L’eau qui humidifie et coule vers le bas devient salée; le feu qui brûle et s’élève devient amer; le bois courbé et redressé, devient acide; le métal qui change de forme dans sa ductilité, devient âcre; la terre, en étant cultivée, prend une saveur douce.
La théorie du yin ~ yang, qui fonde celle des cinq éléments, permet de comprendre la dialectique des relations entre les composantes d’une même entité et, au travers de leur interdépendance, de leur opposition, des processus d’accroissement et de décroissance, de retrouver l’unité sous la diversité ou, à l’inverse, la diversité dans l’unité.
Les cinq mouvements constituent également un incomparable outil de codage symbolique des choses du monde : après avoir été regroupées par catégories d’affinité, celles-ci vont, au-delà de leurs particularités, pouvoir être à nouveau regroupées, cette fois sur la base des propriétés et des caractéristiques communes qui leur sont attribuées.
Depuis les temps les plus reculés le monde chinois à été codifié à l’extrême et, pour ce faire, les anciens ont procédé a une vaste mise en comparaison de toutes les choses (事物 shì wù) et phénomènes (现象 xiàn xiàng) observables dans le monde, tout particulièrement dans le monde le la vie.
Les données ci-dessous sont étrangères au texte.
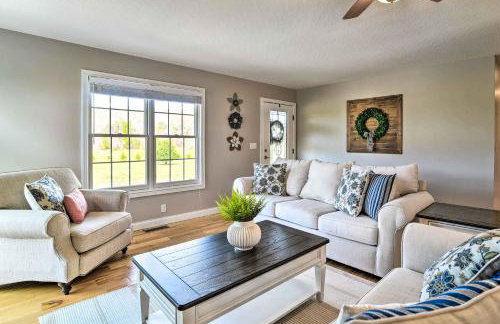 Secluded Retreat on 2 Acres Near Dale Hollow Lake! - Foto 5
Près tôt, les praticiens se sont attaché à observer, au travers de l’anatomie des êtres vivants, et en particulier des humains, les signes physiologiques et pathologiques liés aux transformations observables soit directement, soit par leurs interactions et à essayer de les interpréter en les mettant, en relation les uns avec les autres, souvent en les replaçant dans l’environnement dans lequel ils surviennent.


La catégorisation selon les cinq mouvements s’efforce de maintenir à chaque instant une compréhension de la relation de chaque partie avec les autres parties de l’ensemble. Chaque élément doit toujours se comprendre en fonction des quatre autres et il est difficile de le définir sans se référer aux autres. L’unification, dans le cadre de la théorie des cinq mouvements, signifie que chaque élément accroît, dilate un élément alors que, dans le même temps, il en restreint, contracte un autre.
- Accroître, dilater signifie que chaque élément a besoin de l’aide d’un autre.
- Restreindre, contracter limite la liberté totale sans vraiment bloquer.
Le système tout entier est dans un état d’équilibre dynamique constant.
La théorie des cinq mouvements représente un effort pour expliquer un tout autrement inaccessible à la compréhension. Ce tout inaccessible à la compréhension est le concept plus général de 氣 qì.
Pour la médecine chinoise, la catégorisation en cinq mouvements des aspects du corps et du monde naturel en facilitait la compréhension ; ces catégories étant toujours reliées entre elles.